A P. Celan, nel 1960, viene conferito il premio Büchner.
In quella occasione tiene un discorso in cui – tra altre tematiche – prova a dire il significato della poesia: “poesia non è alcun luogo concreto sulla carta geografica dell’immaginario e della mente dell’uomo. Essa è piuttosto un meridiano, una linea ad un tempo verissima ed inesistente che indica una direzione attraverso molti territori. Su questa linea a ciascuno è data la possibilità di tracciare il proprio cammino verso quel sapere e quel sentire che appaiono sempre più lontani da chi è assediato dalla civiltà del rumore e del fatuo, e in essa si perde”. Si coglie immediatamente il valore del silenzio e dell’ascolto che vive e si rigenera in una condizione di quiete, di rallentamento rispetto ai ritmi contemporanei, di ripristino di una lentezza rispetto alla velocità che ci assedia. La poesia non si sa con certezza da dove provenga ma la si può cogliere in parte – data la sua inafferrabilità – nella pace e nella calma, oltre il frastuono metropolitano; forse si tratta di un certo tipo di ascolto, tra i tanti che esistono. Forse: questa parola amata da Leopardi perché, lui diceva, apre delle possibilità, non certezze. Perché non cerca la fine ma va verso l’infinito.

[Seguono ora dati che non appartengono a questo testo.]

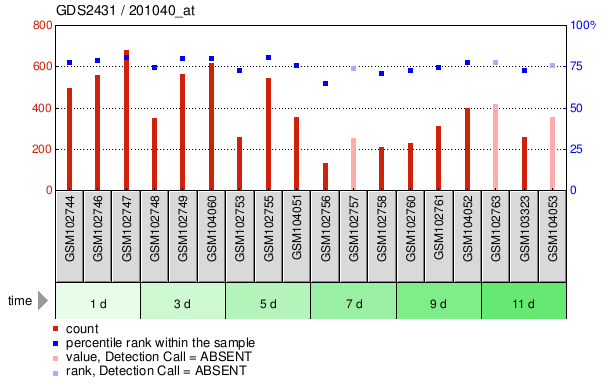 Gene Expression Profile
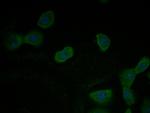 TMEM163 Antibody in Immunocytochemistry (ICC/IF)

Questa parola ricorre ben 9 volte in una pagina del “meridiano e altre prose” di P. Celan. In questo libro lo sviluppo del discorso si da attraverso un alternarsi di intuizioni e dubbi, luci e oscurità, affermazioni revocate e riproposte, in una interrogazione pressante e reale, sui misteri dell’arte e della poesia. Si dice che il discorso intorno all’arte “potrebbe continuare all’infinito” se nulla accadesse ma accade ( chiaro riferimento alla data del 20 gennaio 1942, data in cui fi decisa la “soluzione finale”). Oltre questo riferimento ultimo, Celan parla di una tendenza della poesia alla sua oscurità, citando Pascal:”non prendetevela con noi per la mancanza di chiarezza perché noi ne facciamo una professione”, e il poeta rumeno prosegue dicendo: “questa è – credo – la seppur congenita oscurità che è propria della poesia, in vista di un incontro che muove da una distanza che essa stessa, forse, ha inteso progettare”.

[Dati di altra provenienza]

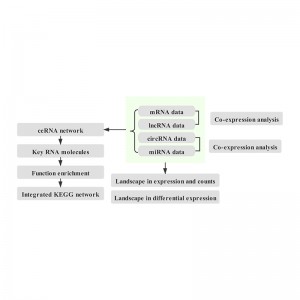 Hot sale Factory Mrna Seq Provider -
 Whole transcriptome sequencing – Illumina – Biomarker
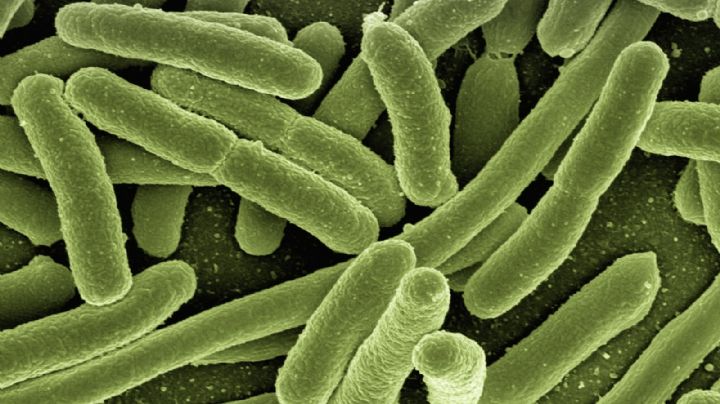 Bacteria carnívora afecta a 64 personas en EU; descubre sus síntomas y si llegaría a México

C’è un’idea in cui immaginazione ed esperienza si possono orientare alimentate da una oscurità costitutiva quando la poesia viene al mondo come evento di individuazione, come una traccia di linguaggio. Come quest’ultimo può “farsi mondo”, muovendosi attraverso l’ombra e agendo in essa. Un linguaggio – dunque- consapevole dei limiti che la lingua gli impone e delle possibilità che essa stessa gli dischiude, non dimenticando che il poeta parla sempre sotto l’angolo d’incidenza della sua propria esperienza, della sua condizione creaturale.